Re: Time spent in ticks...

2016-10-13 Thread Pavel Pisa
Hello Jakob,

On Thursday 13 of October 2016 18:21:05 Jakob Viketoft wrote:
> I re-tested my case using an -O3 optimization (we have been using -O0
> during development for debugging purposes) and I got a good performance
> boost, but I'm still nowhere near your numbers. I can vouch for that the
> interrupt (exception really) isn't stuck, but that the code unfortunately
> takes a long time to compute. I have a subsecond counter (1/16 of a second)
> which I'm sampling at various places in the code, storing its numbers to a
> buffer in memory so as to interfere with the program as little as possible.
>
> With -O3, a tick handling still takes ~320 us to perform, but the weight
> has now shifted. tc_windup takes ~214 us and the rest is obviously
> _Watchdog_Tick(). When fragmenting the tc_windup function to find the worst
> speed bumps the biggest contribution (~122 us) seem to be coming from scale
> factor recalculation. Since it's 64 bits, it's turned into a software
> function which can be quite time-consuming apparently.
>
> Even though _Watchdog_Tick() "only" takes ~100 us now, it still sound much
> higher than your total tick with a slower system (we're running at 50 MHz).
>
> Is there anything we can do to improve these numbers? Is Clock_isr intended
> to be run uninterrupted as it is now? Can't see that much of the BSP patch
> code has anything to do with the speed of what I'm looking at right now...

the time is measured and timers queue use 64-bit types for time
representation. When higher time measurement resolution than tick
is requested then it is reasonable (optimal) choice but it can be problem
for 16-bit CPUs and some 32-bit one as well.

How you have configured or1k CPU? Have you available hardware multiplier
and barrel shifter or only shift by one and multiplier in SW?
Do the CFLAGS match available instructions?
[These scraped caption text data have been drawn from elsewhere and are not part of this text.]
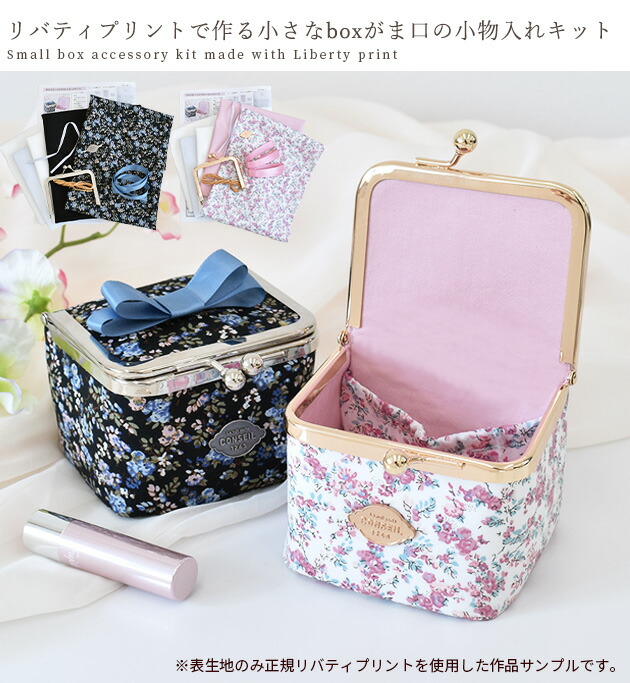 楽天市場】【スペシャルセール】 手作りキット リバティプリント で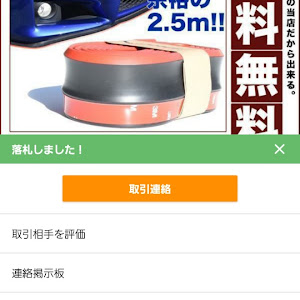 シエンタ NSP170G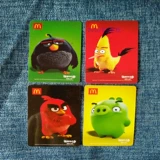 McDonald's McDonald's World of Warcraft Три из фаворитов карты карты Warcraft Warcraft Водонепроницаемый жесткий пластик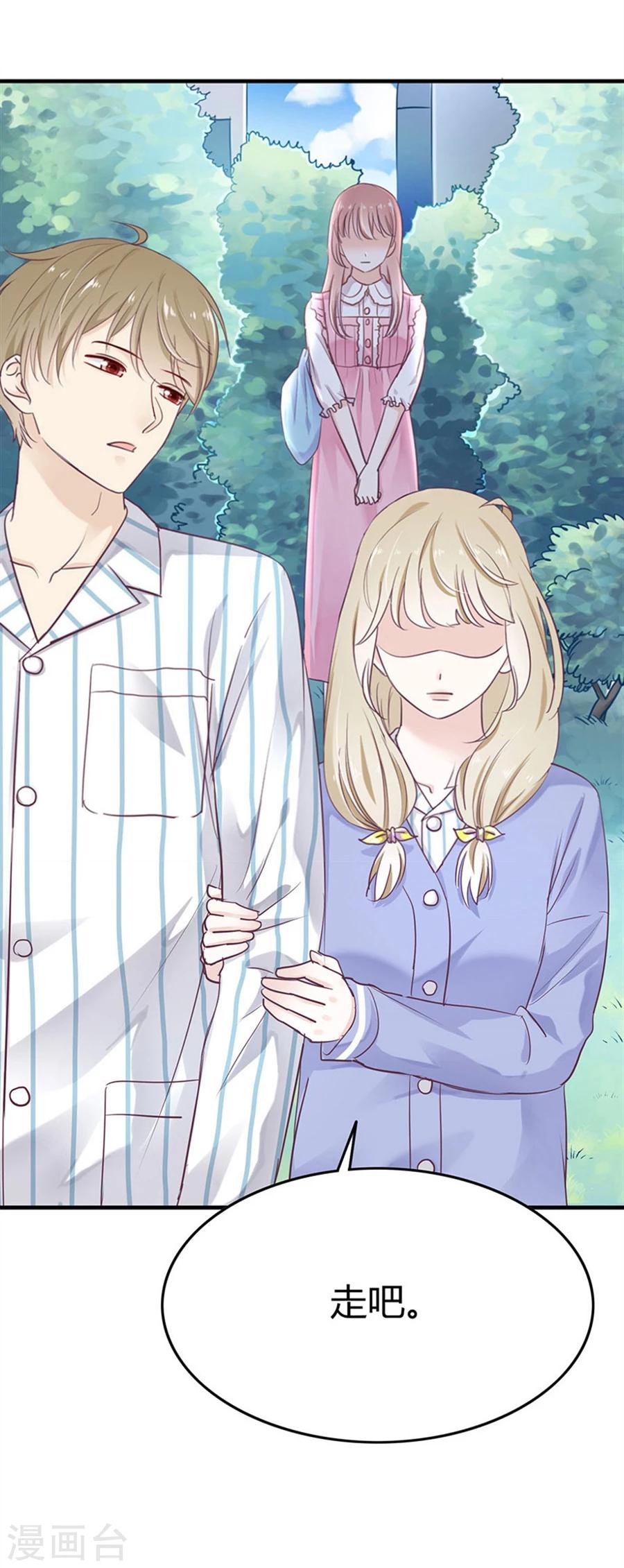 第19话 和你一起很开心-第19话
I am not sure, if there is not 64 division in the time computation
either. This is would be a killer for your CPU. The high resolution
time sources and even tickless timers support can be implemented
with full scaling and adjustment with only shifts, addition and 
multiplications in hot paths.

I have tried to understand to actual RTEMS time-keeping code
some time ago when nanosleep has been introduced and
I have tried to analyze, propose some changes and compared
it to Linux. See the thread following next messages

  https://lists.rtems.org/pipermail/devel/2016-August/015720.html

  https://lists.rtems.org/pipermail/devel/2016-August/015721.html

Some discussed changes to nanosleep has been been implemented
already.

Generally, try to measure how many times multiplication
and division is called in ISR.
I think that I am capable to design implementation which
restricted to mul, add and shr and minimizes number
of transformations but if it sis found that RTEMS implementation
needs to be optimized/changed then it can be task counted
in man months.

Generally, if tick interrupt last more than 10 (may be 20) usec then
there is problem. One its source can be SW implementation ineffectiveness
other that OS selected and possibly application required features
are above selected CPU capabilities.

Best wishes,


Pavel
___
devel mailing list
devel@rtems.org
http://lists.rtems.org/mailman/listinfo/devel


RE: Time spent in ticks...

2016-10-13 Thread Jakob Viketoft

From: Joel Sherrill [j...@rtems.org]
Sent: Thursday, October 13, 2016 17:38
To: Jakob Viketoft
Cc: devel@rtems.org
Subject: Re: Time spent in ticks...

>I don't have an or1k handy so ran on a sparc/erc32 simulator/
>It is is a SPARC v7 at 15 Mhz.

>These times are in microseconds and based on the tmtests.
>Specifically tm08and tm27.

>(1) rtems_clock_tick: only case - 52
>(2) rtems interrupt: entry overhead returns to interrupted task - 12
>(3) rtems interrupt: exit overhead returns to interrupted task - 4
>(4) rtems interrupt: entry overhead returns to nested interrupt - 11
>(5) rtems interrupt: exit overhead returns to nested interrupt - 3

>The clock tick test has 100 tasks but it looks like they are blocked on a 
>semaphore
>without timeout.

>Your times look WAY too high. Maybe the interrupt is stuck on and
>not being cleared.

>On the erc32, a nominal "nothing to do clock tick" would be 1+2+3 from
>above or 52+12+4 = 68 microseconds. 68 * 15 = 1020 machine cycles.
>So at a higher clock rate, it should be even less time.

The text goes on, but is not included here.